From the Wire: You Gotta See 'Mama'

This post contains minor spoilers.

I already mentioned it briefly in my post about January movies earlier this morning, but I want to show a little more love to “Mama,” an uncommonly intelligent and spooky horror film marred only by some occasionally janky creature special effects. It’s not just “good by the standards of January movies.” It’s good by any standard.

Jessica Chastain stars as Annabel, a goth rock band bassist who lives a happily irresponsible life with her artist boyfriend Lucas (“Game of Thrones”‘ Nikolaj Coster-Waldau). Their lazy bliss is shattered by a shocking discovery: Lucas’ two young nieces, who’d gone missing five years earlier when his brother, driven mad by the collapse of his business, killed his wife and kidnapped his kids.
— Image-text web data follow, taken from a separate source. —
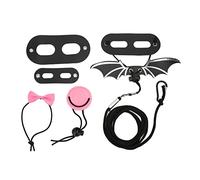 Harnais et Laisse pour Reptiles réglable en Corde de Traction pour lézard, Chapeau, nœud Papillon, en Cuir Souple Durable, Design Aile de Chauve-Souris pour Petits Animaux de (Petite Taille)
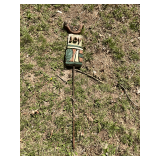 Primitive concrete statue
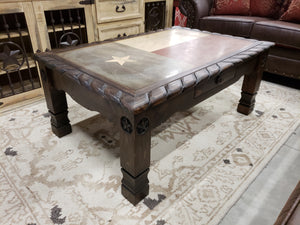 Flg cnjrs FI Texas Marble Dark Wax Cocktail Table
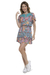 Vestido Curto Crepe Mangas Curtas Flok - Fashion Majestic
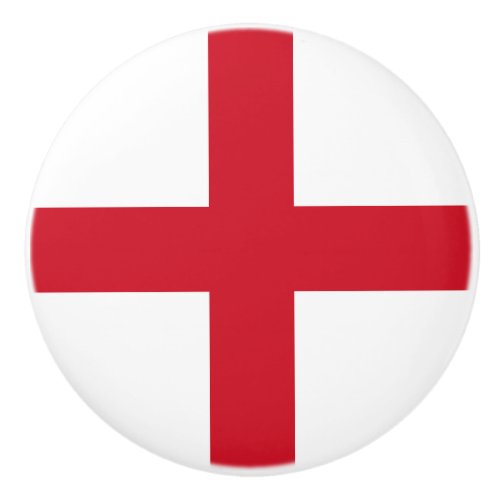 England Flag Ceramic Knob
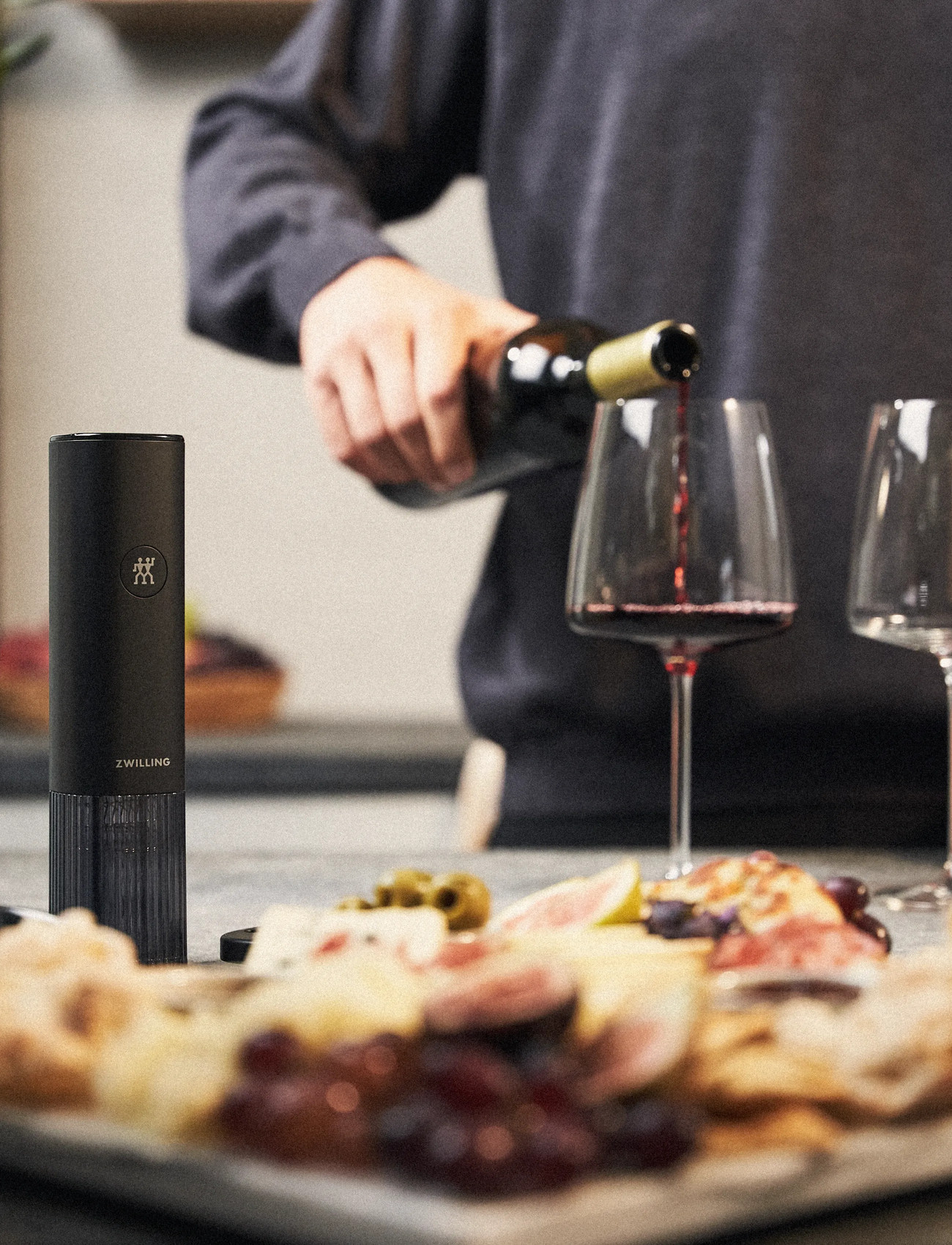 Zwilling Elektrisk Vinöppnare Svart, One Size, Black, Tilbehør Til Drinks Og Barer > Flaskeåbnere Og Vinpropper, Unisex
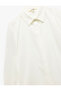 Classic Lapel Long Sleeve Satin Shirt - 5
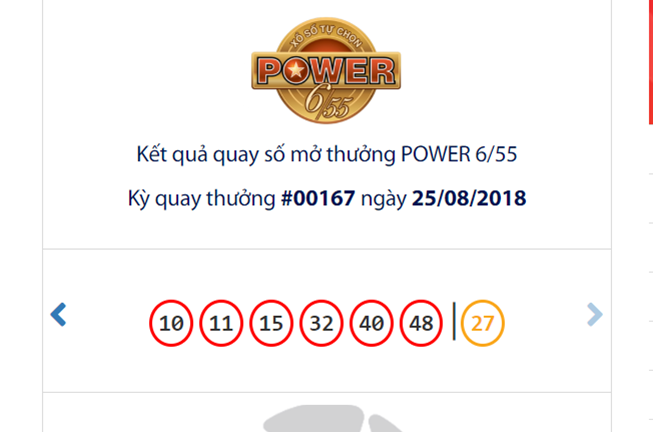Kết quả xổ số Vietlott hôm nay 28/8/2018: Ai thành tỷ phú Jackpot hơn 41 tỷ?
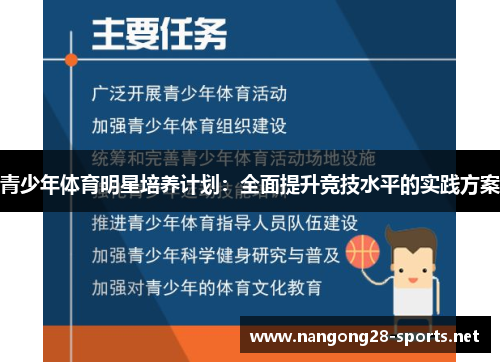 青少年体育明星培养计划：全面提升竞技水平的实践方案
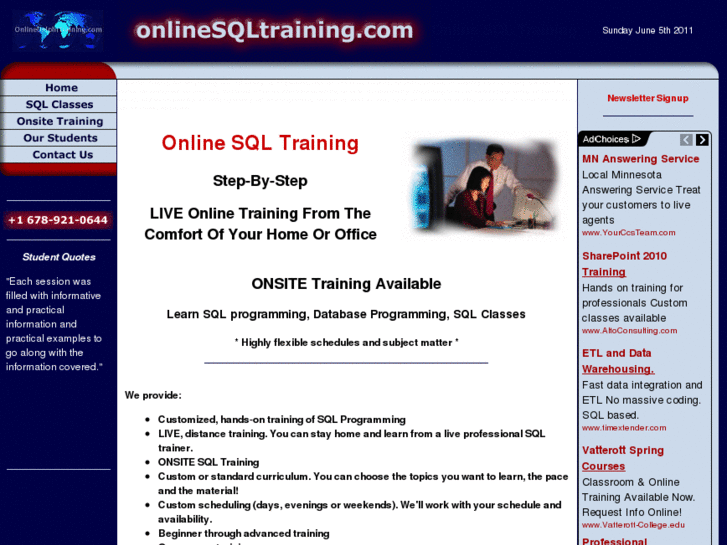 www.onlinesqltraining.com
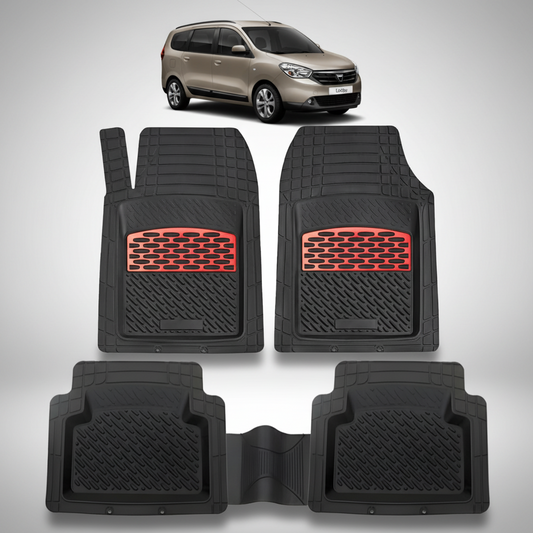 Covorase Tip Tavita Compatibile Dacia Lodgy, Red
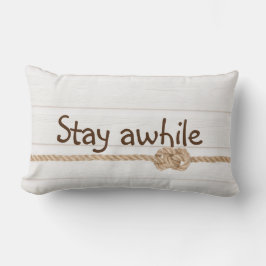 Rope Knot On Whitewash Wood Lendenkissen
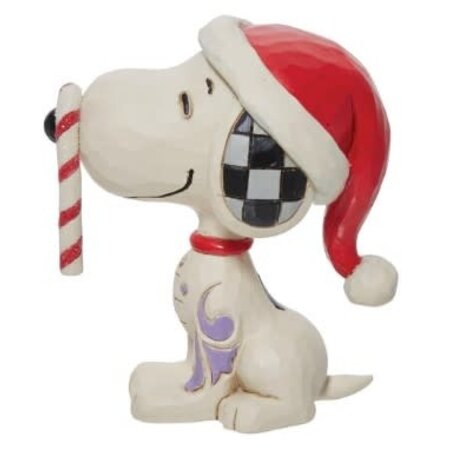 Jim Shore Jim Shore Snoopy Glitter Candy Cane Mini Figurine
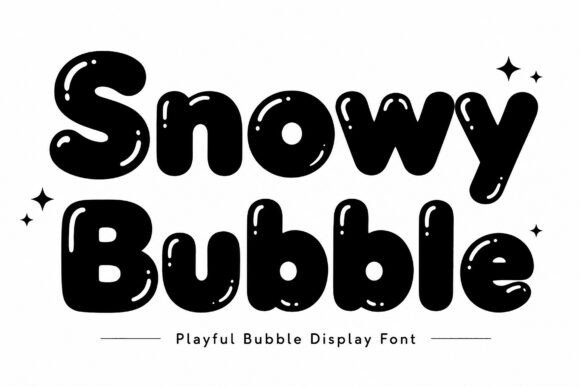 Snowy Bubble: The Display Font That Warms Your Winter Campaigns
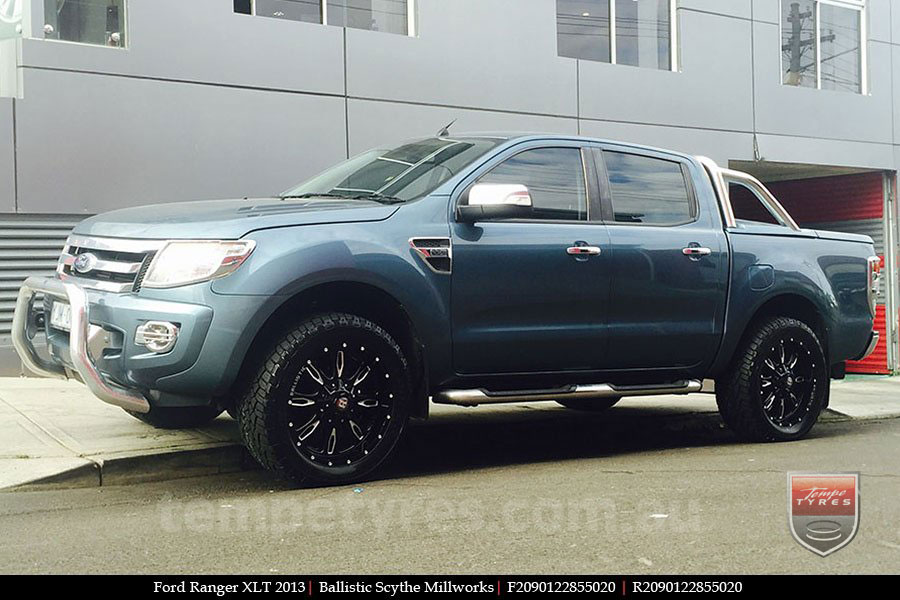 20x9.0 Ballistic Scythe Millworks on FORD RANGER 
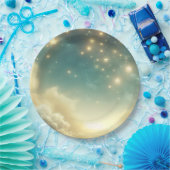 天空白熱［赤熱］光を放つ星誕生会 ペーパープレート (パーティー)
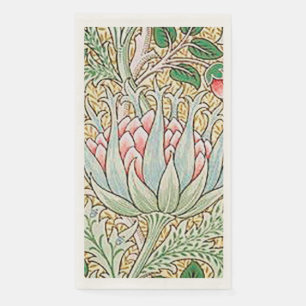 William Morris Vintage Artisjokken Bloemmotief Servet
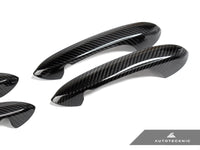 AutoTecknic Dry Carbon Door Handle Trim Set - G82 M4 Coupe | G83 M4 Convertible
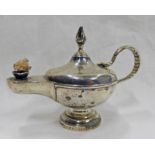 SILVER TABLE LIGHTER IN AN ALADDIN LAMP STYLE LONDON 1892 Condition Report: Marks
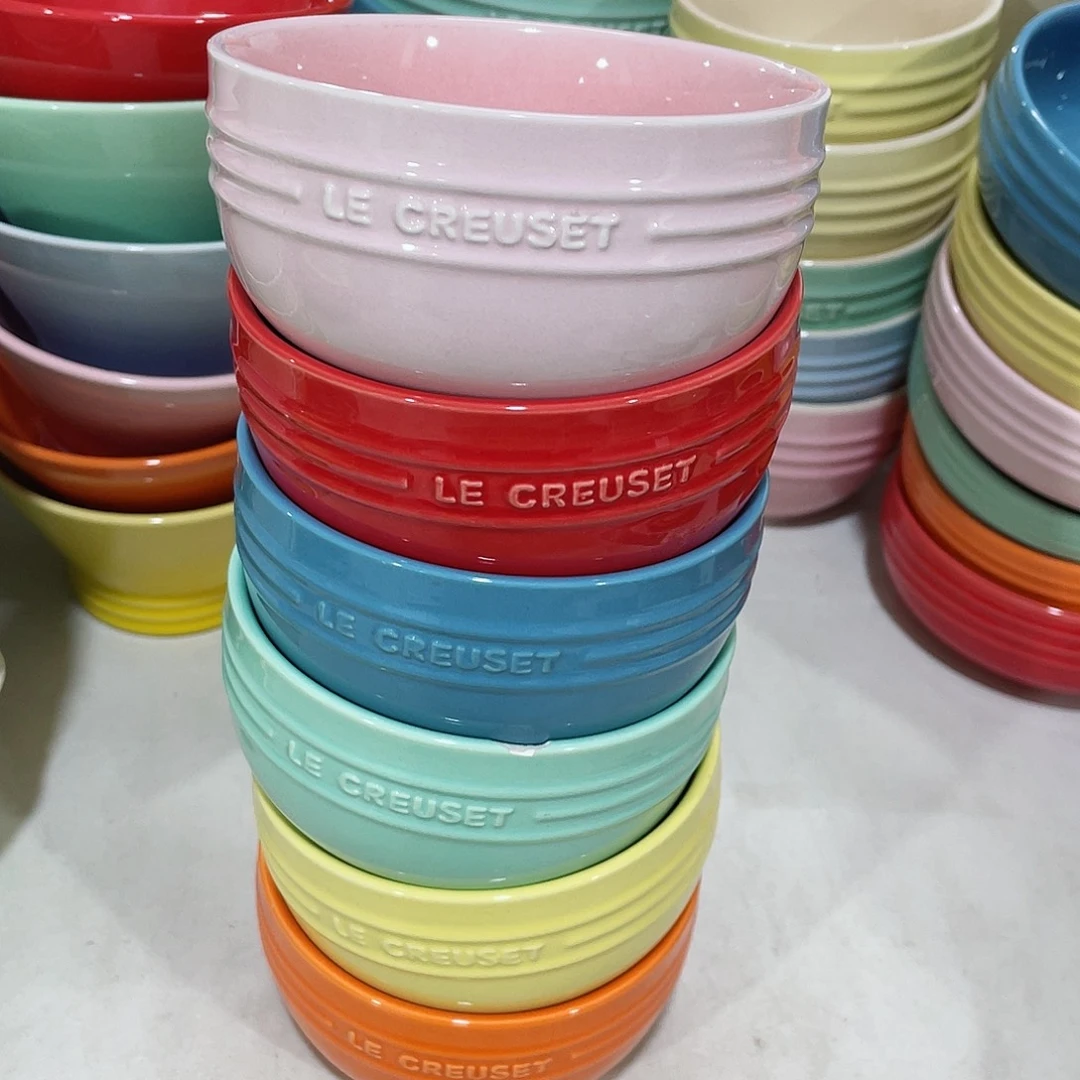 陶微瑕陶瓷餐具家用 六个4.5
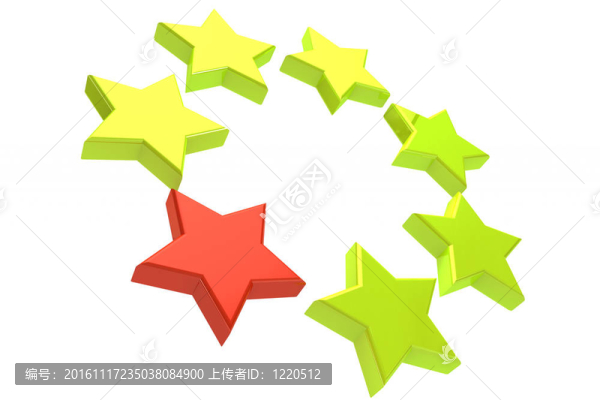 綠色和紅色的星星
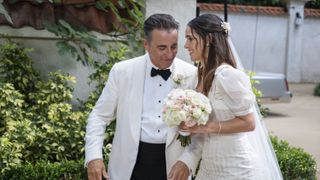 Andy Garcia and Adria Arjona in Father of the Bride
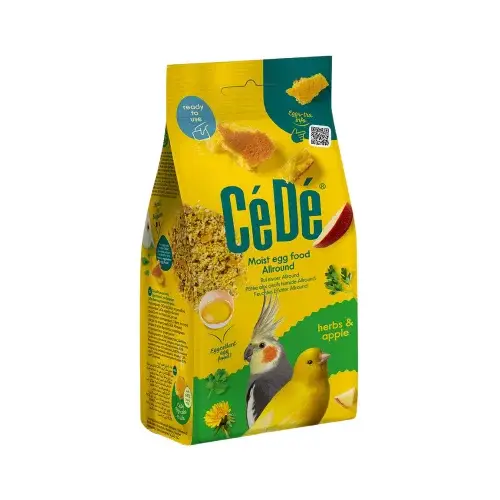 CEDE Egg Food Moist Allround Herbs & Apple 200g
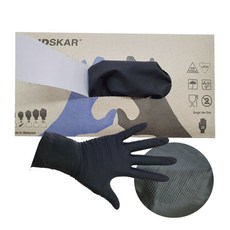 핸드스카 블랙라텍스 파우더 프리 양면 미용장갑 1BOx10켤레 20개입, 1개, M중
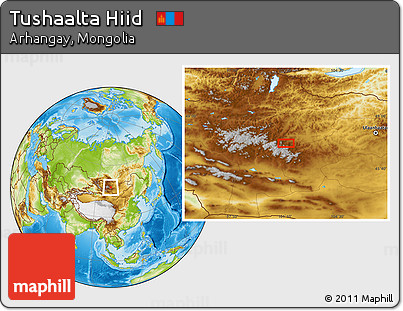 Physical Location Map of Tushaalta Hiid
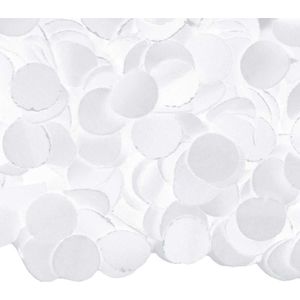 zakje met 100 grams confetti kleur wit - Confetti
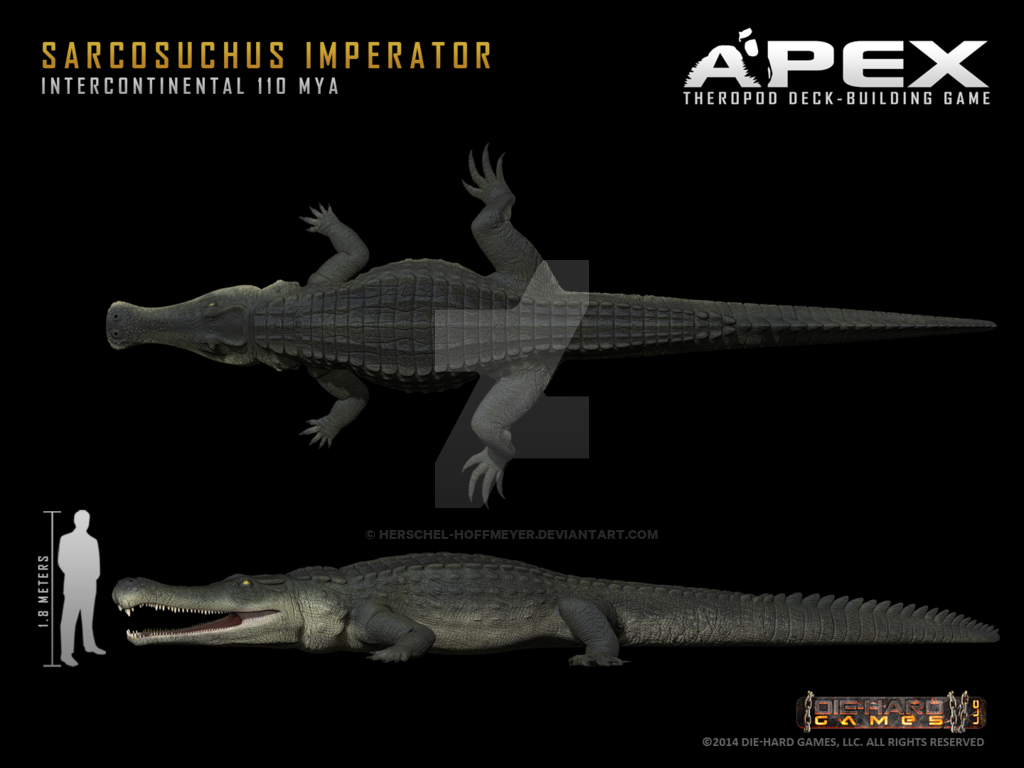 Sarcosuchus Imperator By Herschel Hoffmeyer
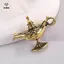 Đèn trà tráng men nghệ thuật Trâm cài Aladdin Trang sức ma thuật cho trang phục sáng tạo [Mina]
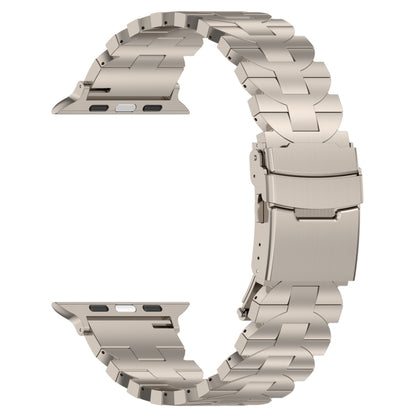 For Apple Watch Ultra 49mm Butterfly Type Titanium Steel Watch Band(Titanium) by bashfashion
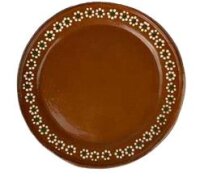 Plato trinche de barro / Tonteller ca 30cm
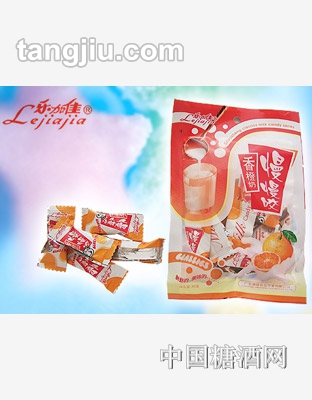 乐加佳慢慢咬-香橙奶糖56g
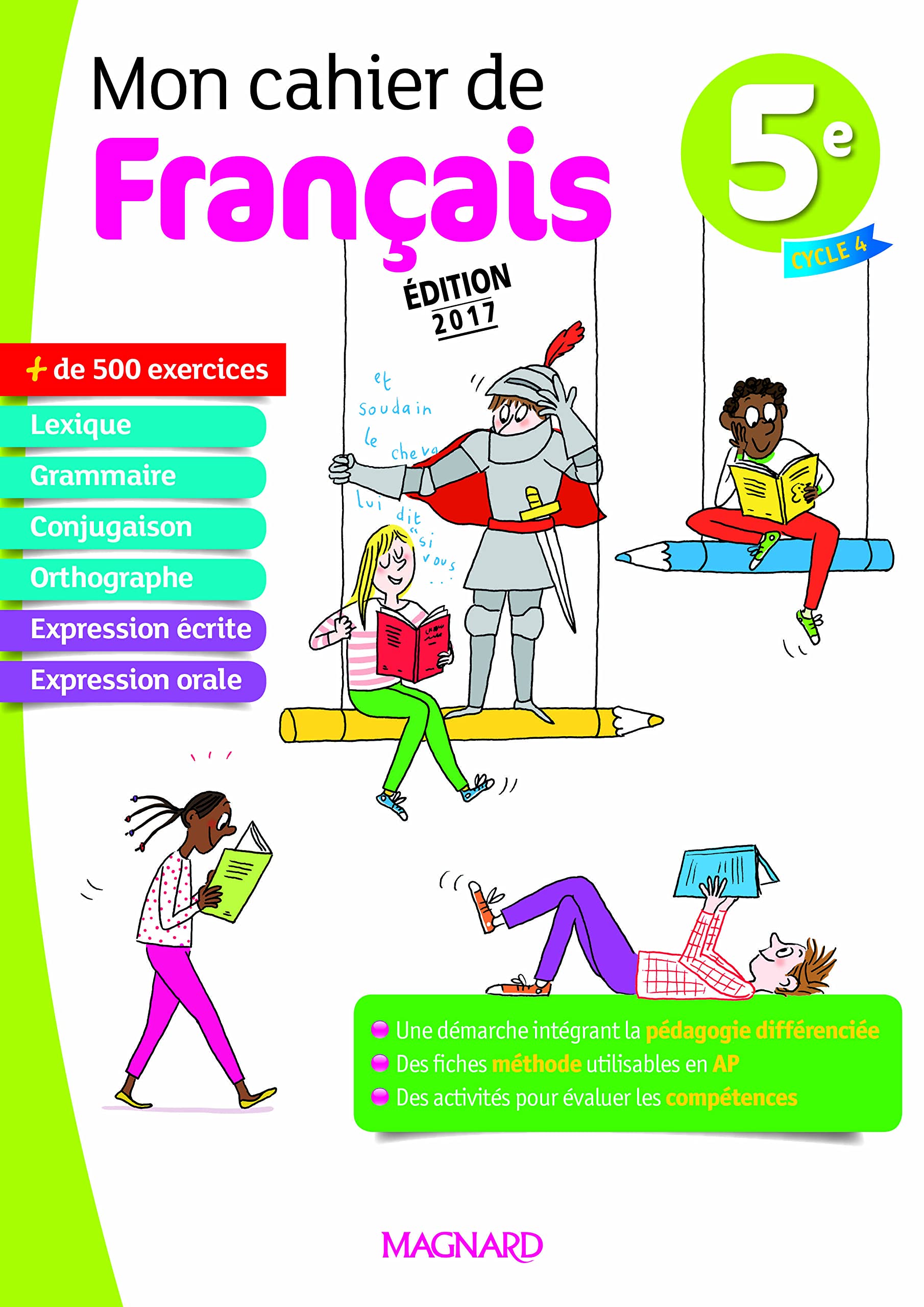 Mon cahier de francais 5e (Langue française collège)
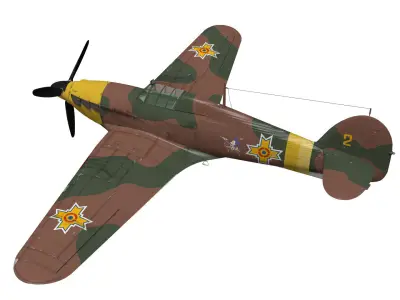 Hawker Hurricane MK1b 3D model purchase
After skidding off a mountain road, the father took the girls, Victoria and Lily, to an abandoned cabin in the woods. In despair, he nearly murders his own children when they’re saved by… something. Now, after a half-decade search, Victoria and Lilly, ages 8 and 6, are found, living alone in the same cabin like feral savages. Lucas and Annabel get custody of them, which makes their previous protector, a strange spirit the girls call “Mama,” a wee bit jealous.

Chastain is outstanding as Annabel, a no-nonsense independent woman with little interest in motherhood (she’s introduced celebrating a negative pregnancy test). And she builds an impressively complicated relationship with Victoria and Lilly, who are played by a pair of very talented (and, at times, very creepy) young actresses named Megan Charpentier and Isabelle Nelisse. Co-writer/director Andres Muschietti, expanding his own 2008 short film, plays with all sorts of preconceptions about parenting and motherhood. And he enhances his scares with playful shot selection and dry humor, both of which are exhibited in the terrifying and hilarious scene where Chastain, positioned in extreme background on the left, obliviously does household chores while down the hallway the girls, positioned in the extreme foreground on the right, play with Mama in their bedroom.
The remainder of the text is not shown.